As the war in Europe entered its final stages, Allied commanders benefited from what Hinsley has described as "a large volume" of "high-grade decrypts." Merely to list all the main Enigma and Fish keys Bletchley Park was breaking took up a long paragraph in his intelligence history.

Information from these secret sources pointed up the inadequacies of German resources to meet the demands of the three frontiers in which the Nazi armies were engaged. In the west they tried to make the Rhine an impenetrable barrier. On the Russian front their defensive East Wall extended for two thousand miles from the Baltic in the north to the Black Sea in the south.
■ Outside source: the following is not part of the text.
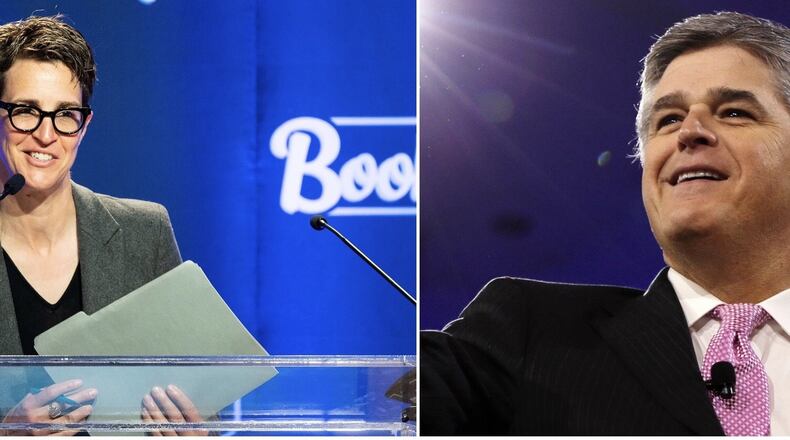 Rachel Maddow speaking on May 30, 2019 at BookExpo in New York City, N.Y. (Michael Brochstein/Sipa USA/TNS) In this March 4, 2016 file photo, Sean Hannity of Fox News appears at the Conservative Political Action Conference (CPAC) in National Harbor, Md. (AP Photo/Carolyn Kaster, File)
And in Italy they sought to hold at bay the Allied armies under Alexander and Clark.

The decrypts also chronicled the frenetic shifts that Hitler and his generals ordered in their attempts to prevent a breakthrough. Now troops rushed eastward to check a Russian advance, now south to shore up Italy's Gustav Line, now west to try to fend off an Allied encirclement in the Ruhr. The German army no longer had reserves; all the fighting manpower was thrust into the front lines.

Germany's plight contrasted with the gathering might of the Allies. Both in manpower and materiel the Allied advantage was mounting to overwhelming proportions. Victory in the Battle of the Atlantic was allowing the unhampered flow of U.S. troops and supplies into Europe and enabling the Americans to fight their kind of war, which was to hurl vast barrages of steel against the enemy in order to limit the hazarding of men.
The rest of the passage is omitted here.